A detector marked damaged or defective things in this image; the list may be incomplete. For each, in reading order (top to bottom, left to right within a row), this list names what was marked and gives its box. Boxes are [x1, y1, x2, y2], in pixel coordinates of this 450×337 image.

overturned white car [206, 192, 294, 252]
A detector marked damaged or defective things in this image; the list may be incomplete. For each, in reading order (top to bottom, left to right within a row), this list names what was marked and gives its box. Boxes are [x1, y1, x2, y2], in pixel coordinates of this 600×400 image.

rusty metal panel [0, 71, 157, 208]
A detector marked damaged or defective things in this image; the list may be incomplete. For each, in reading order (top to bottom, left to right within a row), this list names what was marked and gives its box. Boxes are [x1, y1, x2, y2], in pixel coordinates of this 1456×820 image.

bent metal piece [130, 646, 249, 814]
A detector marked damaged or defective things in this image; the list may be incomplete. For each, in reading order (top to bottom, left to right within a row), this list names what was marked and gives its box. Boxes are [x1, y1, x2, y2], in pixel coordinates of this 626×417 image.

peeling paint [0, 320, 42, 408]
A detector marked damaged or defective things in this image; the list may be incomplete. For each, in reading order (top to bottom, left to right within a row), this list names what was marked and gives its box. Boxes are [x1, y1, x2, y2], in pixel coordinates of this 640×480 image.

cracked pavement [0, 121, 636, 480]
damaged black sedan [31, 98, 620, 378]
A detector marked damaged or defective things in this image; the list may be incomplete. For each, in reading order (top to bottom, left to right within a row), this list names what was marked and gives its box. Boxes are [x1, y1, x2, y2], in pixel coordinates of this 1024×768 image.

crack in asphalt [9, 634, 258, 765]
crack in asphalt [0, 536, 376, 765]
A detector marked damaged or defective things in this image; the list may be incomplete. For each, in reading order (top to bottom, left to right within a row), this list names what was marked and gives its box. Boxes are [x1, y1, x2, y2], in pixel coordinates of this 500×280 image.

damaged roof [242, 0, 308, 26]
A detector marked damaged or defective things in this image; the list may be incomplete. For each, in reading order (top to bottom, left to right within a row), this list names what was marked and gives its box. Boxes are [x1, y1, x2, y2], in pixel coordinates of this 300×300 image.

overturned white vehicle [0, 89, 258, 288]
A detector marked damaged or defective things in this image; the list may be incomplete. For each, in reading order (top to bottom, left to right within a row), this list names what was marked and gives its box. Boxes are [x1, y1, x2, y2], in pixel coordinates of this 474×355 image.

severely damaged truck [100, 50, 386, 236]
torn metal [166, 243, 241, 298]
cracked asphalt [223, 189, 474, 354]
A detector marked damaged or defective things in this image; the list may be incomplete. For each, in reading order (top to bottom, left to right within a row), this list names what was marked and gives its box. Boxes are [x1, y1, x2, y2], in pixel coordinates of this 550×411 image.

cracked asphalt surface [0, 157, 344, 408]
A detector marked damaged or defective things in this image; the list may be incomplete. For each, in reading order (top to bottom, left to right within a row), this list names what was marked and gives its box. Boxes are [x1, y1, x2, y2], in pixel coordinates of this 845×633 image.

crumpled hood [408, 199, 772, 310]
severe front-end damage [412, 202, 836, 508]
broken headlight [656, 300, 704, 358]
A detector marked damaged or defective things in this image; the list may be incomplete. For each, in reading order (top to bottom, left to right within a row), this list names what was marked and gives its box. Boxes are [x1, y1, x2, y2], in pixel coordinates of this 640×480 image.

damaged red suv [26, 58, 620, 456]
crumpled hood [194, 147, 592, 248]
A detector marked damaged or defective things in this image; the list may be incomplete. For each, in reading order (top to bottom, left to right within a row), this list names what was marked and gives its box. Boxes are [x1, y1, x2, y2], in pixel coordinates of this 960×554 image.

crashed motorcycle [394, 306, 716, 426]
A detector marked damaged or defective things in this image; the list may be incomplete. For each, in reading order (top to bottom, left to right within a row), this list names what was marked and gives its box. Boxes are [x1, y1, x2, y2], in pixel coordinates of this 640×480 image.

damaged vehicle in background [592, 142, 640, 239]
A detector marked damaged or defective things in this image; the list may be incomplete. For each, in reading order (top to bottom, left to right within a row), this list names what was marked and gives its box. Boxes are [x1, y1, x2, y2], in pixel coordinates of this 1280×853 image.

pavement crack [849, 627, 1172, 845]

Work request - Transcribe each line of the listing exactly.

Exercise answer -
A detector marked damaged or defective things in this image; the list may be incomplete. For each, in reading order (top to bottom, left to right within a row), this list names what was marked and gives its box. Boxes are [x1, y1, x2, y2], in pixel coordinates of this 450×337 image.

overturned white car [206, 192, 294, 252]
A detector marked damaged or defective things in this image; the list may be incomplete. For each, in reading order (top to bottom, left to right within a row), this list names what was marked and gives its box. Boxes are [x1, y1, x2, y2], in pixel coordinates of this 600×400 image.

rusty metal panel [0, 71, 157, 208]
A detector marked damaged or defective things in this image; the list may be incomplete. For each, in reading order (top to bottom, left to right within a row), this list names what was marked and gives its box. Boxes are [x1, y1, x2, y2], in pixel coordinates of this 1456×820 image.

bent metal piece [130, 646, 249, 814]
A detector marked damaged or defective things in this image; the list may be incomplete. For each, in reading order (top to bottom, left to right within a row), this list names what was marked and gives its box. Boxes are [x1, y1, x2, y2], in pixel coordinates of this 626×417 image.

peeling paint [0, 320, 42, 408]
A detector marked damaged or defective things in this image; the list may be incomplete. For each, in reading order (top to bottom, left to right within a row), this list names what was marked and gives its box. Boxes are [x1, y1, x2, y2], in pixel coordinates of this 640×480 image.

cracked pavement [0, 121, 636, 480]
damaged black sedan [31, 98, 620, 378]
A detector marked damaged or defective things in this image; the list may be incomplete. For each, in reading order (top to bottom, left to right within a row), this list names what was marked and gives its box. Boxes are [x1, y1, x2, y2], in pixel coordinates of this 1024×768 image.

crack in asphalt [9, 634, 258, 765]
crack in asphalt [0, 536, 376, 765]
A detector marked damaged or defective things in this image; the list may be incomplete. For each, in reading order (top to bottom, left to right within a row), this list names what was marked and gives its box. Boxes are [x1, y1, x2, y2], in pixel coordinates of this 500×280 image.

damaged roof [242, 0, 308, 26]
A detector marked damaged or defective things in this image; the list may be incomplete. For each, in reading order (top to bottom, left to right within a row), this list names what was marked and gives its box. Boxes are [x1, y1, x2, y2], in pixel coordinates of this 300×300 image.

overturned white vehicle [0, 89, 258, 288]
A detector marked damaged or defective things in this image; the list may be incomplete. For each, in reading order (top to bottom, left to right within a row), this list names what was marked and gives its box. Boxes are [x1, y1, x2, y2], in pixel coordinates of this 474×355 image.

severely damaged truck [100, 50, 386, 236]
torn metal [166, 243, 241, 298]
cracked asphalt [223, 189, 474, 354]
A detector marked damaged or defective things in this image; the list may be incomplete. For each, in reading order (top to bottom, left to right within a row), this list names what was marked and gives its box. Boxes are [x1, y1, x2, y2], in pixel coordinates of this 550×411 image.

cracked asphalt surface [0, 157, 344, 408]
A detector marked damaged or defective things in this image; the list may be incomplete. For each, in reading order (top to bottom, left to right within a row), this list names what was marked and gives its box. Boxes are [x1, y1, x2, y2], in pixel coordinates of this 845×633 image.

crumpled hood [408, 199, 772, 310]
severe front-end damage [412, 202, 836, 508]
broken headlight [656, 300, 704, 358]
A detector marked damaged or defective things in this image; the list may be incomplete. For each, in reading order (top to bottom, left to right within a row), this list names what was marked and gives its box. Boxes are [x1, y1, x2, y2], in pixel coordinates of this 640×480 image.

damaged red suv [26, 58, 620, 456]
crumpled hood [194, 147, 592, 248]
A detector marked damaged or defective things in this image; the list may be incomplete. For each, in reading order (top to bottom, left to right within a row), this list names what was marked and gives its box. Boxes are [x1, y1, x2, y2], in pixel coordinates of this 960×554 image.

crashed motorcycle [394, 306, 716, 426]
A detector marked damaged or defective things in this image; the list may be incomplete. For each, in reading order (top to bottom, left to right within a row), this list names what was marked and gives its box. Boxes are [x1, y1, x2, y2], in pixel coordinates of this 640×480 image.

damaged vehicle in background [592, 142, 640, 239]
A detector marked damaged or defective things in this image; the list may be incomplete. For each, in reading order (top to bottom, left to right within a row), this list names what was marked and gives its box. Boxes are [x1, y1, x2, y2], in pixel coordinates of this 1280×853 image.

pavement crack [849, 627, 1172, 845]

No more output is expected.